Well Stadia is dead and Google Pay and Wallet are toy apps. I didn’t just make the citation up. Google themselves said they want to move toward Apple’s native UIKit
From the cited article
> Google concluded that it was time for the latter route, and that Apple’s UIKit had matured enough for internal needs
Microsoft isn’t going to abandon C#. And you knew when they moved to .Net core they were committed to it
On a more serious note, the open web was killed when people decided to use the browser as an application platform instead of as a document delivery platform.
The open web was killed by many things:
- minification
- node_modules
- webpack
- wasm
- react
Painting on a canvas is the proper way to render application UI.
Not so for canvas based apps.
It kills accessibility and extensibility. It also kills content blockers like uBlock Origin.

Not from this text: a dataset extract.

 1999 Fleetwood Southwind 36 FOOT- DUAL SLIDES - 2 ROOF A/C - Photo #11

Google has the attention span of a crack addled flea
Google is behind Android, and there's a ton of android developers. It took off.

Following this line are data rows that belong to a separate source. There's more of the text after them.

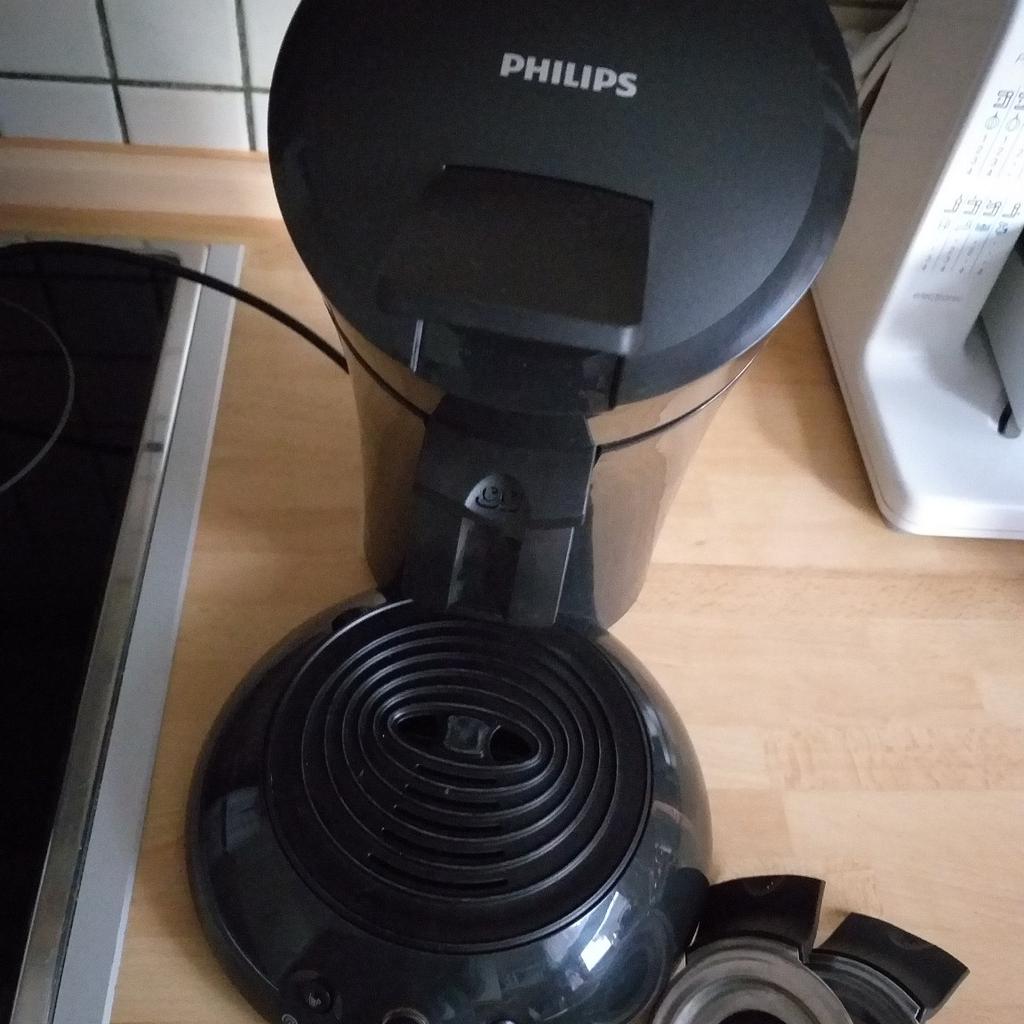 Pad- Kaffeemaschine, schwarz, Philips Senseo, guter sauberer Zustand,
natürlich voll funktionsfähig, wegen Platzmangel abzugeben,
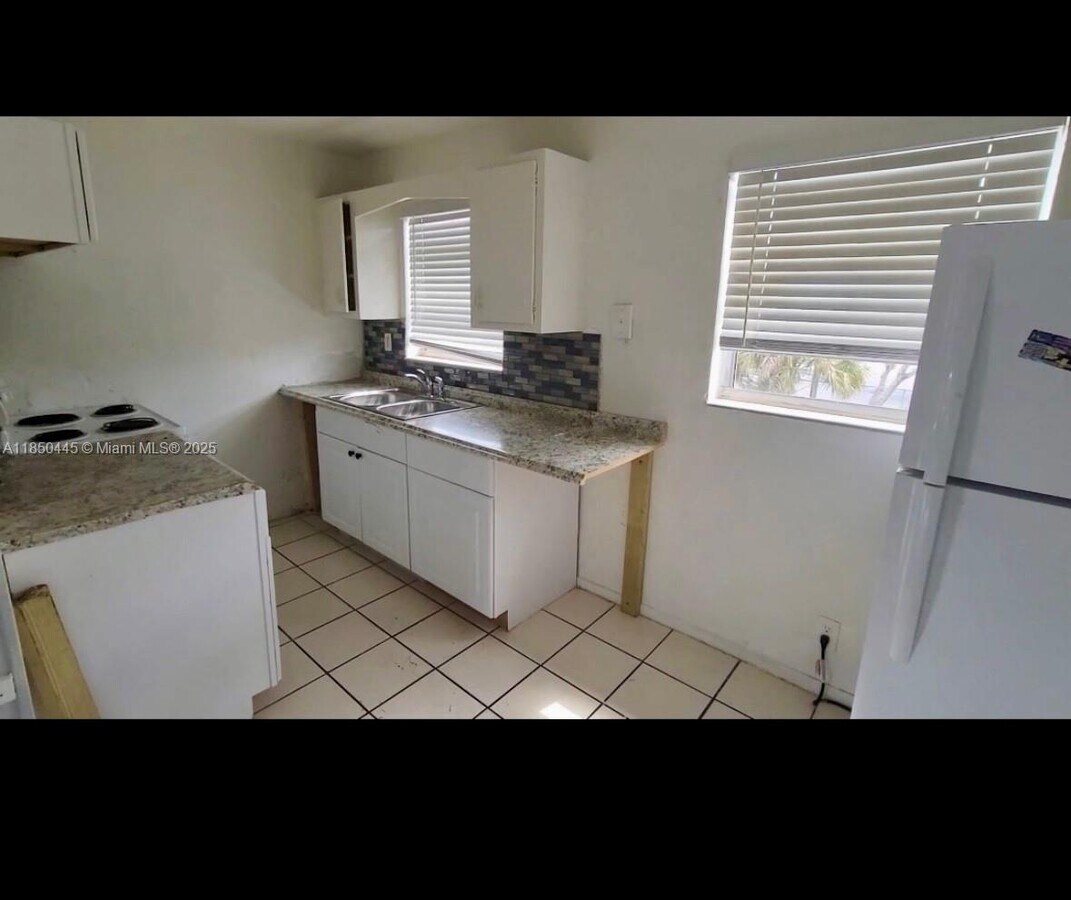 Photo - 2151 NW 7th St Unit 5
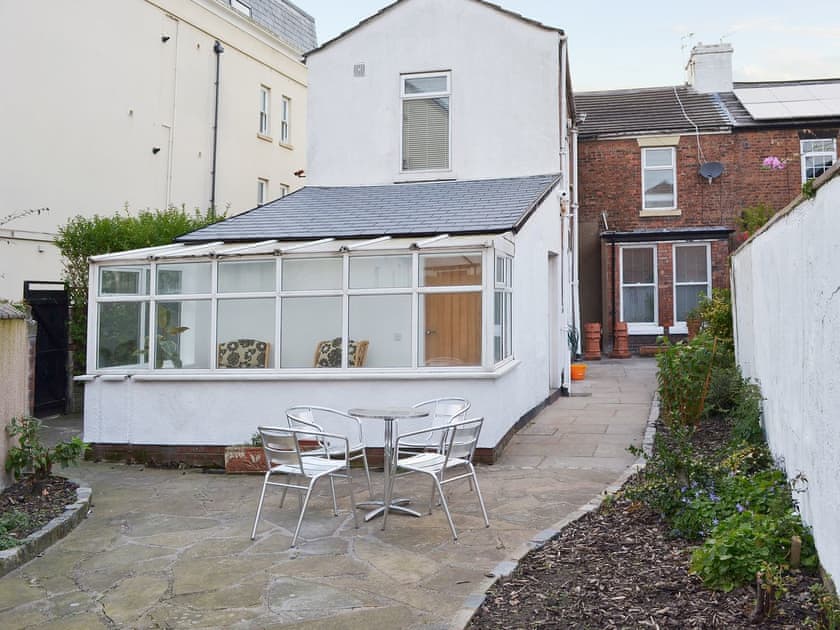 Sitting-out-area | 28 The Promenade, Southport
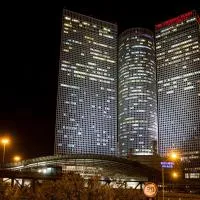 קראון פלזה סיטי סנטר תל אביב, מלון בתל אביב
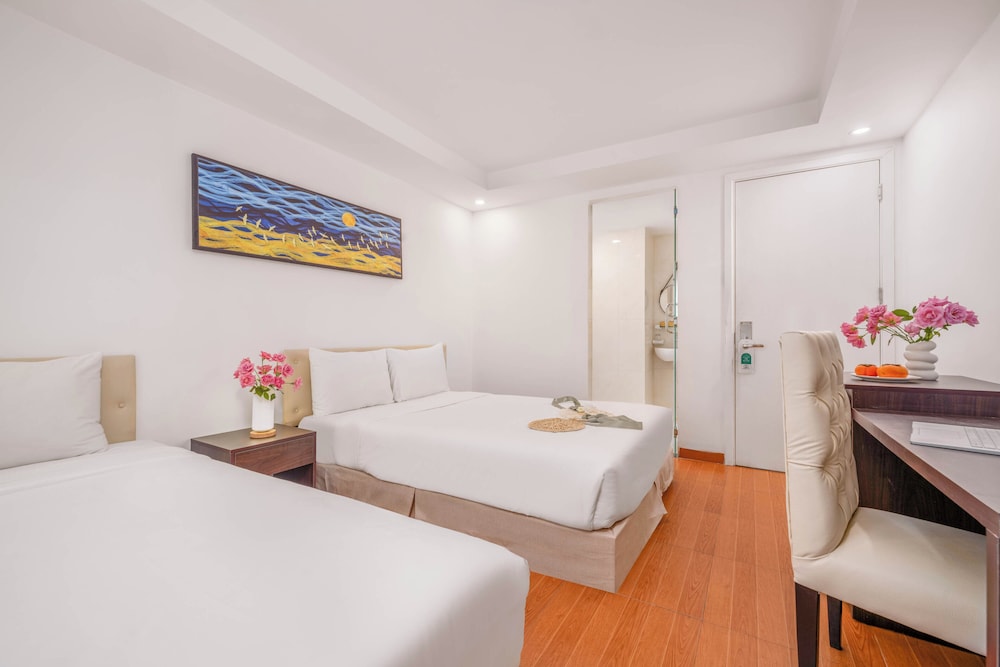 Haya Beach Hotel 12/49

Google built Golang, and there's a ton of Go developers. It took off.
Google built Angular and Dart, and they each had much less success and didn't take off.
The "Dart isn't popular because it's backed by google" theory doesn't seem sufficient based on the above.
A more reasonable theory would be that the answer to "Why isn't X popular" is that the vast majority of things _aren't_ popular. Why isn't D-lang popular? Why isn't Crystal popular? Why didn't Elm take off?
None of those are made by google, but it turns out that building a user-base of a programming language is hard no matter what.
There is also Google Cloud IOT Core, Conversation Actions, Android Things, Google Chatbase, and even the original Angular was abandoned by a completely incompatible framework.
That has no relation to whether something is B2C or B2B. Stadia is a consumer product, ie for consumers.
You have a point there about those other ones, but honestly, those are so few and far between that I'm sure you had to search somewhat carefully to find them. I highly doubt many devs were actually using those (besides Angular, but it was replaced with 2+ because React came onto the scene, it didn't get deprecated with no replacement).
Google did not provide any good alternatives, and I just gave up on the language for the lack of developer support. I have not looked back since.
Non-null by default was a massive change for Dart in terms of perf, and modern dart is quite a different (by very pleasant) beast than dart 1.x.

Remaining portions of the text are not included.